It is taking an unusually long time for DDM profiles to go from verifying to verified. Often well beyond an hour.

🧑‍💻  Steps to reproduce

  1. Create a DDM profile, deploy it to a device, and observe status in Fleet UI
  2. Once it is verified, update the profile with a new setting and re-deploy (via GitOps)
  3. Observe that the profile takes a long time to go from verifying to verified

🕯️ More info (optional)

Clicking resend on a mobileconfig configuration profile results in a responsive status (seconds/minutes) of going from verifying to verified. DDM configuration profiles do not.

More info in this Slack thread: https://fleetdm.slack.com/archives/C03C41L5YEL/p1744048572372529

🛠️ To fix

Product designer @marko-lisica:

The profile should be verified after the declaration profile is edited (via GitOps) as soon as we get status response from the host. AFAIK host automatically sends a status report when the declaration is added or edited.

allenhouchins avatar Apr 08 '25 14:04 allenhouchins

Slack thread screenshot (so we don't loose information)

Image

marko-lisica avatar Apr 09 '25 11:04 marko-lisica

  1. Create a DDM profile, deploy it to a device, and observe status in Fleet UI
  2. Once it is verified, update the profile with a new setting and re-deploy (or click resend)
  3. Observe that the profile takes a long time to go from verifying to verified

@noahtalerman @allenhouchins "(or click resend)" this part confuses me. We have a story to disable Resend button for declaration profiles, as that's not possible. I think we should remove that from the repro steps.

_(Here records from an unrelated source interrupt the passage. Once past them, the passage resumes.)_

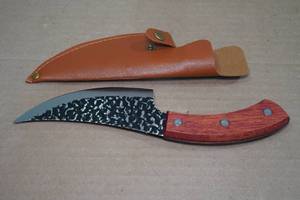 lot 9 image: Stainless Steel Hunting Knife with Sheath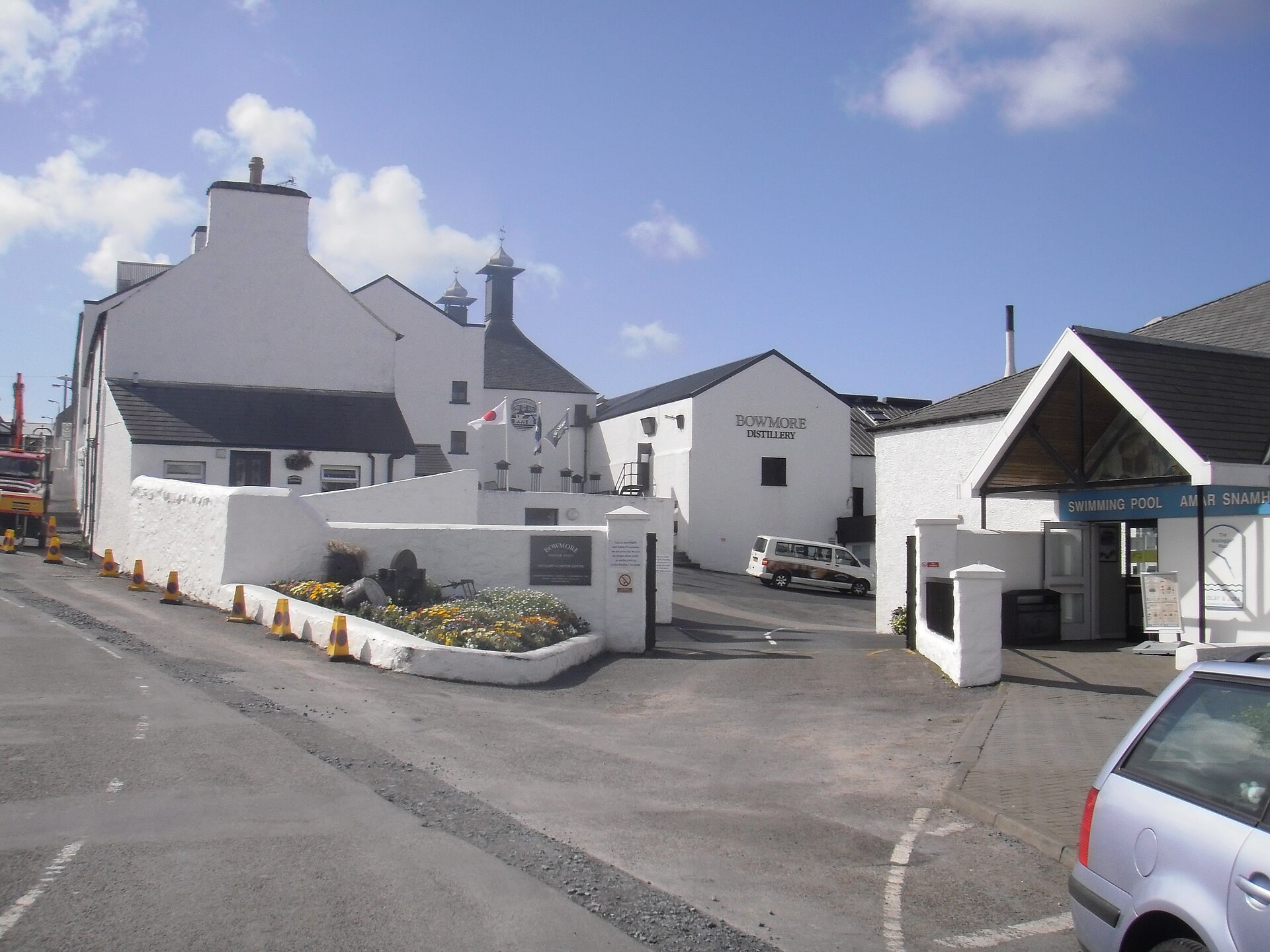 здание винокурни Bowmore на берегу Лох-Индал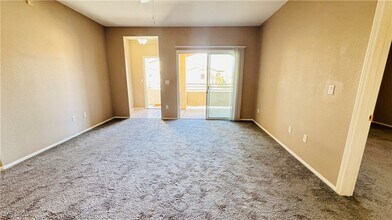 2291 W Horizon Ridge Pkwy in Henderson, NV - Building Photo - Building Photo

If I understand, the problem here is, when the declaration profile is updated (additional password requirement added), it doesn't verify, which should be because the profile is different, and the host should send a DDM status report back as soon as something is changed.

marko-lisica avatar Apr 09 '25 11:04 marko-lisica

Request was for under 5m for normal online device.

georgekarrv avatar Apr 09 '25 17:04 georgekarrv

Had to kick this back out of the sprint to make room for https://github.com/fleetdm/fleet/issues/24475

georgekarrv avatar Apr 18 '25 15:04 georgekarrv

This state is easy to achieve -- when we delete and immediately add back the same profile while the device is offline. Image

getvictor avatar May 09 '25 22:05 getvictor

@georgekarrv Marked as P2 per this slack conversation: https://fleetdm.slack.com/archives/C03C41L5YEL/p1747088827683919

getvictor avatar May 13 '25 15:05 getvictor

DDM flows are complicated and hard to maintain. Filed an eng-initiated story to improve the situation: #29132

getvictor avatar May 14 '25 14:05 getvictor

QA Test results:

I ran thru two scenarios in 4.68 and was able to reproduce the bug:

  1. Delete then re-add the ddm profile while the host is offline
  2. GitOps workflow mentioned in the bug details

✅ Once I applied the patch, the profiles went back to verified within a few seconds in both scenarios.

Leaving in Awaiting QA until load tests are completed

PezHub avatar May 29 '25 19:05 PezHub

Discovered an issue with DDM profiles and osquery_perf hosts so we could not perform load tests. We have a fix for next sprint #29973 and I plan to revisit

PezHub avatar Jun 13 '25 16:06 PezHub

In the cloud city's glow, Profiles verify with ease, Swift like the wind's flow.

fleet-release avatar Jul 15 '25 15:07 fleet-release